Monday's frustrations seemed to begin when Trump was asked to be specific about which exact crime he was referring to when he tweeted on Sunday that President Barack Obama had committed "the biggest political crime in American history, by far!"

.@PhilipRucker: You appeared to accuse Obama of a crime yesterday. What did he do?

TRUMP: "Obamagate."

RUCKER: What is the crime?

TRUMP: "You know what the crime is.
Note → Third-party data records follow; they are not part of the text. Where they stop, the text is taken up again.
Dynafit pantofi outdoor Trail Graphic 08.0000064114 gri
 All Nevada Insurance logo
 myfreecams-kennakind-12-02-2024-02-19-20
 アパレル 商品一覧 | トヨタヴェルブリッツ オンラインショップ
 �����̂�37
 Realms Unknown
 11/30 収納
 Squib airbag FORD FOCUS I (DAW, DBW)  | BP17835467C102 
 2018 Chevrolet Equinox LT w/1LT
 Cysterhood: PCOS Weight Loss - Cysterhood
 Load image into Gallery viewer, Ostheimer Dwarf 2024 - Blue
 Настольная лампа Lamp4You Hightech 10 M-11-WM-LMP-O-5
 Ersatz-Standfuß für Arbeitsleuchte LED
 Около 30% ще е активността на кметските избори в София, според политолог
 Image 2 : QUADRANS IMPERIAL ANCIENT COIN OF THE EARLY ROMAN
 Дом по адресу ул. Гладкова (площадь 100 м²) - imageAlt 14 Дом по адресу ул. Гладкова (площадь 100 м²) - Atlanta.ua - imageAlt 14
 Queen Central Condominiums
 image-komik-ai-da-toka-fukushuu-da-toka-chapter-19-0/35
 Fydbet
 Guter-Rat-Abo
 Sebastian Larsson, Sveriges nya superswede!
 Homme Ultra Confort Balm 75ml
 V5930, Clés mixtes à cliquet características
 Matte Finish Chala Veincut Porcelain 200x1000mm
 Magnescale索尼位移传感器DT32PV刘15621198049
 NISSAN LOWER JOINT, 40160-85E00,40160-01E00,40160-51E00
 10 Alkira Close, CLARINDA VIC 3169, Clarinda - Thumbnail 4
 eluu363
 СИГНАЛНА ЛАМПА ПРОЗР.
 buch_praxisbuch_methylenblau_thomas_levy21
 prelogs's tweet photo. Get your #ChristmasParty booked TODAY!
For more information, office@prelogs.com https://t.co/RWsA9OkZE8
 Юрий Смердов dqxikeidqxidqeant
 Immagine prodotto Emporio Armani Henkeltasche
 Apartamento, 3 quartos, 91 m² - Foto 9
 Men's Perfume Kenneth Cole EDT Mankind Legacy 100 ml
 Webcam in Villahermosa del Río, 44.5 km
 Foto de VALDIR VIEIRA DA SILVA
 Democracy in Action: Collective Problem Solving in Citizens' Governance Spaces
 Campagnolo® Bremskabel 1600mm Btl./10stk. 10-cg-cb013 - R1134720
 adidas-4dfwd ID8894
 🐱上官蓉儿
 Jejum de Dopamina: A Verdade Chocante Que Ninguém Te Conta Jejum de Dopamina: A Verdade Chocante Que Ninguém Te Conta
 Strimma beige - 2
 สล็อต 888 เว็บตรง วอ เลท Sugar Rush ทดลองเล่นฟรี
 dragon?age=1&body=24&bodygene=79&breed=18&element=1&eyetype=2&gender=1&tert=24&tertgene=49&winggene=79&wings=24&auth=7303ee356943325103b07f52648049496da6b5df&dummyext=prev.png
The crime is very obvious to everybody." pic.twitter.com/EUueidNwGp

- Aaron Rupar (@atrupar) May 11, 2020

Philip Rucker did not, in fact, know what the crime was, as he attempted to ask again before being rebuffed.

Next, CBS reporter Weijia Jiang asked Trump why he felt compelled to constantly declare that "the U.S. is doing far better in testing than any other country" when Americans continue to die on a daily basis.

.@weijia: Why is this a global competition to you when Americans are losing their lives every day?

TRUMP: Maybe that's a question you should ask China.

WEIJA: Why are you saying that to me, specifically?

TRUMP: I'm saying it to anybody who would ask a nasty question like that. pic.twitter.com/hokJOXASh8

- Aaron Rupar (@atrupar) May 11, 2020

Trump responded by telling Jiang, who was born in China and raised in West Virginia, that she should perhaps ask China that question instead. Jiang then asked why he told her, specifically, to ask China that question, to which Trump responded that he had not actually said the thing he had very clearly just said.

What ultimately led to Trump's abrupt walk-off, though, was some apparent solidarity among the White House reporters in attendance. CNN's Kaitlan Collins, who had been called on next, paused to let Jiang ask her follow-up question. When Trump refused to explain why he thought the Chinese American reporter should direct her question to China, Collins finally tried to take her turn, only for Trump to tell her that "No, it's OK" because she "didn't respond." Despite Collins' protestations, Trump then apparently attempted to call on PBS's Yamiche Alcindor, who tweeted that she "motioned for Kaitlin to ask her Q." It was then that Trump, apparently livid at these female reporters for refusing to allow him to punish their colleagues for their insolence, walked off.

All in all, another successful attempt at reassuring the American public that, in this time of unprecedented stress and tragedy, Trump has everything under control.